If you’re running multiple queues in the same process, you risk starving a queue that is not prioritized. Sidekiq prioritizes queues in the order that you pass them when running Sidekiq.

bundle exec sidekiq -q default -q memory_hungry -q some_other_queue

In this example, it’s possible that jobs in some_other_queue are never executed if the jobs in default and memory_hungry take too long.

Second, it allows you to run your Sidekiq worker single-threaded which is a great way to reduce the memory consumption of each job. In the Profile, you can set the number of threads for the Sidekiq worker dedicated to the memory-hungry queue:

web: bundle exec puma -C config/puma.rb
worker_default: bundle exec sidekiq -q default
worker_memory_hungry: RAILS_MAX_THREADS=1 bundle exec sidekiq -q memory_hungry

Third, the memory-hungry queue can be processed by an entirely different machine. You can vertically scale the machine processing the dedicated queue, giving it more memory. You can follow up by potentially even reducing the memory needed for the other queue(s), ensuring that you’re not paying for more resources than you need.

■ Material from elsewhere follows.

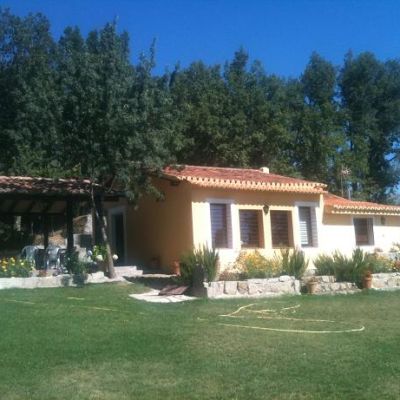 Parcela con vivienda y piscina Parcela con vivienda y piscina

Running a dedicated Sidekiq process single-threaded with extra memory

Using an independent queue lets you process these memory-expensive jobs with a single thread on a machine that has more memory dedicated to it. Still, you might want to horizontally scale to get through a backlog in the queue or process jobs in parallel. Autoscaling can help you automate this, ensuring you’re only adding extra dynos when you need them.

Autoscaling a Dedicated Sidekiq Queue

Another option that assigning memory-hungry Sidekiq queues their own process opens up for you is horizontal scaling. Adding machines that can process your memory-expensive queue in parallel is a great way to reduce your queue backlog. Still, it’s unlikely you’ll need the same number of machines running at all times.

In our example of a reminder system, we’d only need multiple workers for the memory_hungry queue at night when the jobs are scheduled to run. An autoscaler like Judoscale can automatically scale your Sidekiq workers to better handle peak workload without wasting resources, all based on queue time.

Judoscale watches queue time and autoscales

Once you’ve identified a Sidekiq job that’s consuming too much memory, splitting it out into smaller jobs is the first step. Splitting those jobs into queues based on their memory needs allows you to process them with separate processes, which gives you a lot of flexibility to change configuration, add resources, and autoscale the machines. This gives you many more tools to combat memory problems with Sidekiq jobs, so have fun digging in!